HIIT or LISS? Which is better for fat loss?

Okay, do you want to incorporate some form of cardio into your fitness routine to increase weight loss? Something I have always bounced between is HIIT (high-intensity, interval training) and LISS (low-intensity, steady-state cardio). One reason is personal preference - sometimes I prefer HIIT and sometimes I prefer LISS, and the other is that I never properly researched either and understood the advantages and disadvantages of both. Knowing these, I am able to incorporate the most appropriate into my routine for my personal goals.

What is HIIT?
High-intensity interval training involves completing quick bursts of high-intensity exercises and incorporating rest periods in between. There are many different forms of HIIT, one of my favourites being 'Tabata', which are normally completed in around 25 minutes or less (Tabata being rounds of 4 minutes). I have a post with my at-home, no equipment workout as an example here.

HIIT has many benefits. The first being one that I've heard many people talk about: the 'after burn'. This in technical terms is known as post-exercise energy expenditure and post-exercise oxygen consumption. This is where your body continues to burn calories after you have finished your HIIT sessions, due to the nature of the training and the affect it has on your body. The amount of calories burned obviously differs to each individual, but it wasn't as much as I thought.

Those who complete regular HIIT sessions are also 'generally leaner than the ones who utilize other modes of training' according to Health Guidance. Now of course, if you complete two or three HIIT sessions you're not going to necessarily be the leanest in the room. It takes commitment, motivation and consistency combined with correct nutrition. After being a bit of a 'cardio bunny' for around a year (about a year ago) I completed many HIIT sessions per week and it was hard work. However, they were completed quickly and I could easily incorporate it into my everyday life because it didn't take up too much time.

The total caloric expenditure in a HIIT session is also significantly greater per minute than those burned in lower-intensity exercises, as well as increased lipolysis (fat breakdown) according to an article here. This means that the effects on fat loss would be significantly greater overall.
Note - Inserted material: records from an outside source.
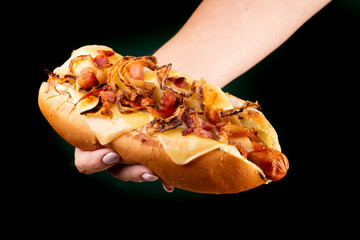 female hand showing american hot dog with bacon and crispy onion and melted cheese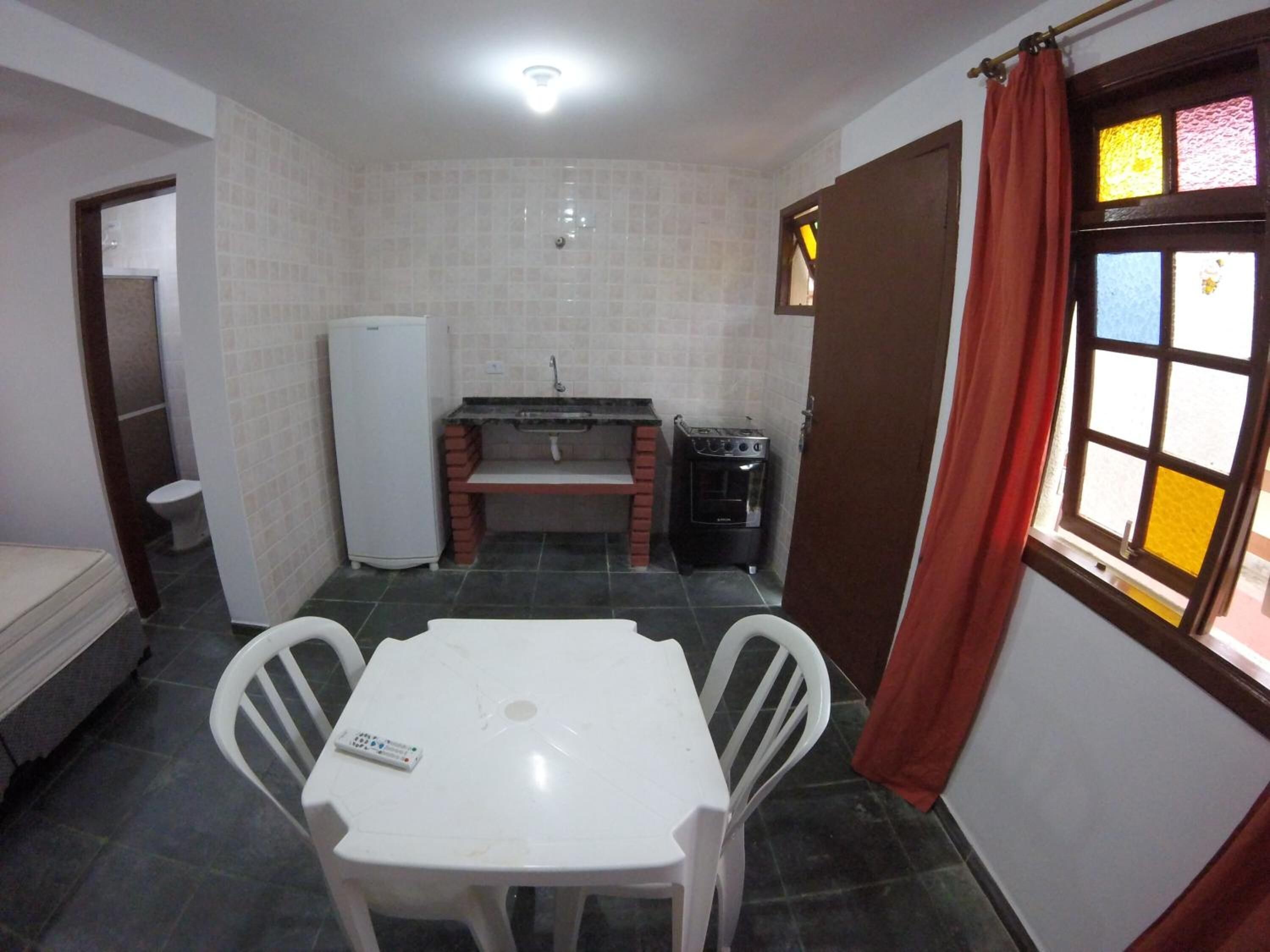 A small kitchen with a refrigerator, stove, and sink. There is a table with two chairs and a window with curtains.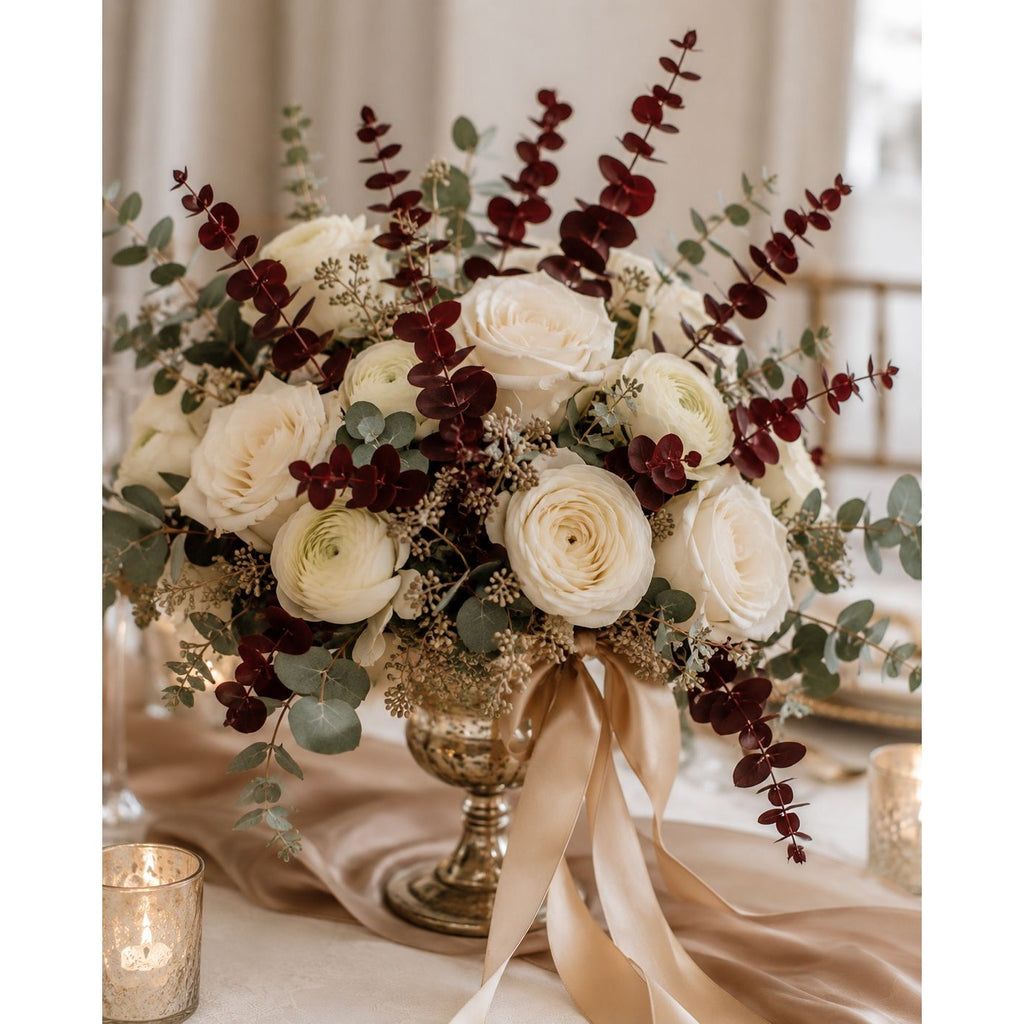Decorative floral arrangement with white roses, red berries, and greenery on a table with candles.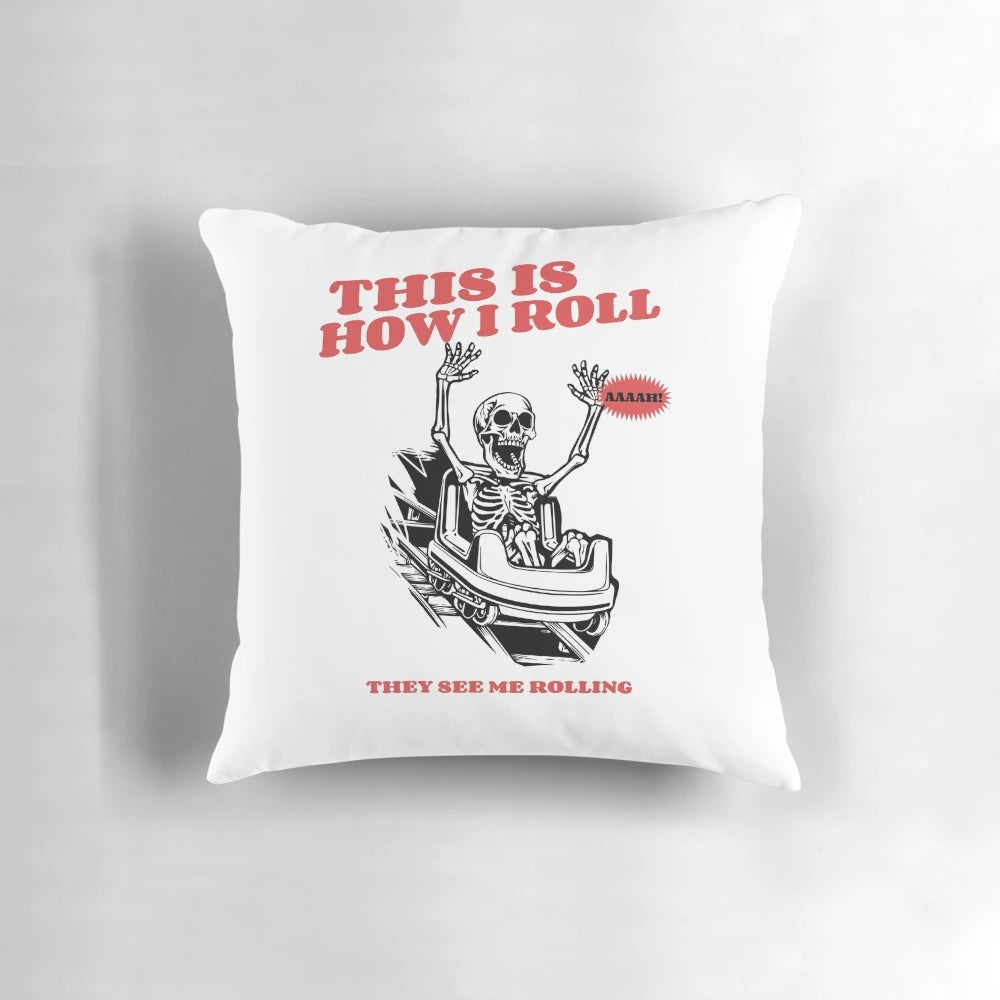 Decorative pillow with a skeleton riding a roller coaster design, featuring a "This Is How I Roll" statement.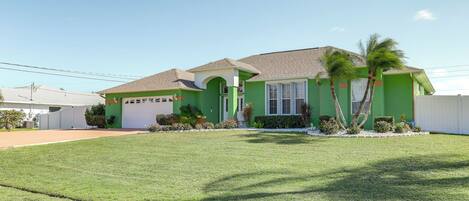 A green house with a garage, a well-maintained lawn, and palm trees.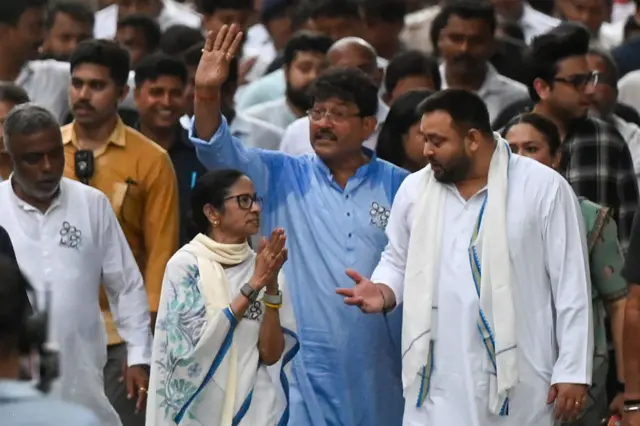 KOLKATA, INDIA - APRIL 27: RJD leader Tejashwi Yadav joins with Chief Minister and AITC chairperson Mamata Banerjee during a padayatra (rally) from Jadavpur to Gopal Nagar on the last day of campaign ahead of 2nd phase of Assembly Election on April 27, 2026 in Kolkata, India. (Photo by Samir Jana/Hindustan Times via Getty Images)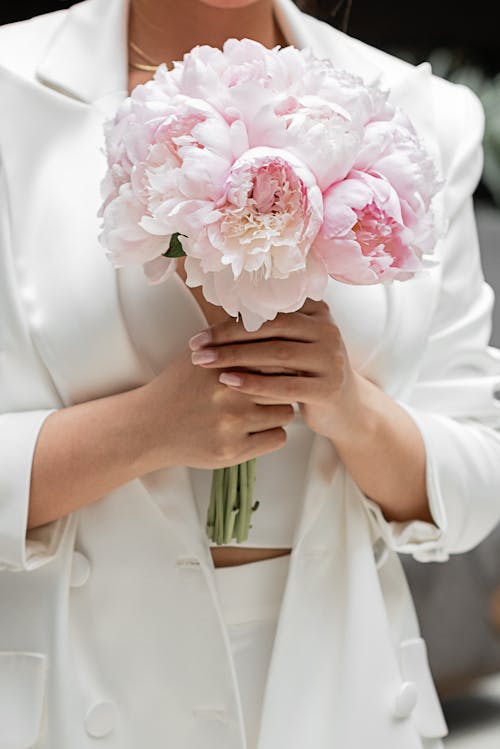 Person Holding Peony Flower Bouquet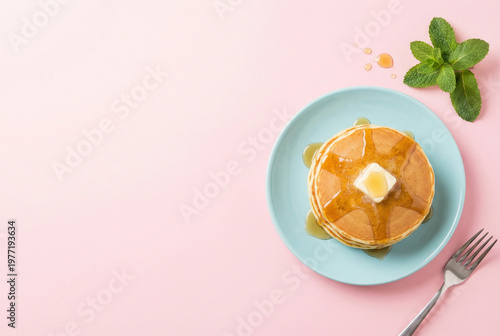 Top view of delicious fluffy pancakes stack with melting butter and sweet maple syrup on a pastel blue plate over a pink background with fresh mint leaves and a silver fork, breakfast food overhead.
One reason why I don't incorporate HIIT into my routine more is because of the amount of weight-training I do per week. I generally 'lift' 5 times per week at the gym and use a lot of my energy doing so. When it comes to the end of my workout where I want to include a form of cardio, I simply don't have the energy to complete anything that's high-intensity. This is why I chose to include one HIIT session per week when I don't lift weights, which is often done with just my bodyweight at home.

What is LISS?
Low intensity, steady-state cardio is obviously the opposite of HIIT and requires a lower effort for a longer period of time. I choose to do my LISS as an incline walk on a treadmill for around 30-40 minutes. There are many benefits of doing LISS as apposed to HIIT, especially if you are prone to injuries or want to build up your fitness level from virtually nothing. However, neither of these apply to myself and I personally complete more LISS session per week than I do HIIT. Here's why.

As mentioned above, I find it very hard to complete a HIIT session after a sweaty, tough weight-training session and a full day of work. At the end of my 'lifting' session I often feel pretty tired and don't have the energy to do anything else high-intensity, so I opt for LISS instead.

According to Research Gate, the longer the duration of an activity, the greater the amount of relative percentage of calories used that come from fat storage. This means that more calories are burned during a LISS sessions which come from your fat storage due to you completing the exercise for a longer period of time. How accurate this is, I'm unsure. However I have seen great fat loss results when incorporating 30 mins LISS into my routine around 3 times per week when wanting to lose weight, and it means I'm not burning myself to the ground as it requires much less effort.

So... which is better for fat loss?
In conclusion:

1. HIIT does burn more calories per minute but cannot be done for same amount of time as LISS. I find that a 15 minute HIIT session will burn roughly the same amount of calories as a 30-40 minute LISS session, and some research shows more of these calories will come from fat storage.

2. If you also complete weight-training or classes at the gym that leave you with low-energy but you still want to include cardio, you will find LISS more achieveable and just as effective. This does mean you will be at the gym for longer (although it is easier).

3. HIIT may be associated with an increased potential for overtraining, especially when combined with regimented resistance training so don't wear yourself out! Find a happy medium. When trying to lose weight, I include around 3, 30 minute LISS sessions post training, and ideally 1 HIIT session per week when I'm not weight-training.